Mario Aguilar still has his letterman jacket from his playing days at Indio High School. He wears it on game days to remind the team he now coaches about the program’s rich soccer history.
Twelve years after his four-year playing career at Indio ended, Aguilar was hired last year to lead the boys’ soccer program, replacing his former coach, Alberto Moscoso. Aguilar’s big-picture goal was to eventually lead the Rajahs to a California Interscholastic Federation title.
But before that, the plan was to compete for a the Desert Valley League crown. To do that, Indio would have to dethrone the reigning king of the DVL, the La Quinta Blackhawks.
Indio took the first step Thursday, defeating La Quinta, 2-1, in front of a raucous crowd at Ed White field at Indio High.

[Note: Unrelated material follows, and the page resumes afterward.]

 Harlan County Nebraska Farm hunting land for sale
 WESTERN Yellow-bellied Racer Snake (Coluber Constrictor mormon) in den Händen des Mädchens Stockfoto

“It’s a big accomplishment just beating them because they are CIF champions and they’re undefeated (in league),” Aguilar said. “Who doesn’t want to beat an undefeated team? Indio wants to, that’s for sure.”
In arguably the most physically intense game of the year so far in the Coachella Valley, Indio and La Quinta engaged in a battle for first place in the DVL standings.
It was a classic east valley game; the kind that sometimes features Coachella and Desert Mirage, and includes pushing, shoving, and a battle that is often for more than simply bragging rights.
In all, seven cards were issued Thursday, including two red cards in the first half. Each team played with 10 players on the field for the entire second half.
Before the cards were issued, Indio caught the Blackhawks inattentive just three minutes into the game. Sophomore forward Ivan Jose drilled the ball past La Quinta goalkeeper Sebastian Ascencio from the middle of the field, just outside the box.
“We’ve been trying to get these guys to learn that they’ve got to get ready to play at the start a little better,” La Quinta head coach Gary Nadler said. “Indio, at the beginning, definitely wanted the ball more than we wanted it.”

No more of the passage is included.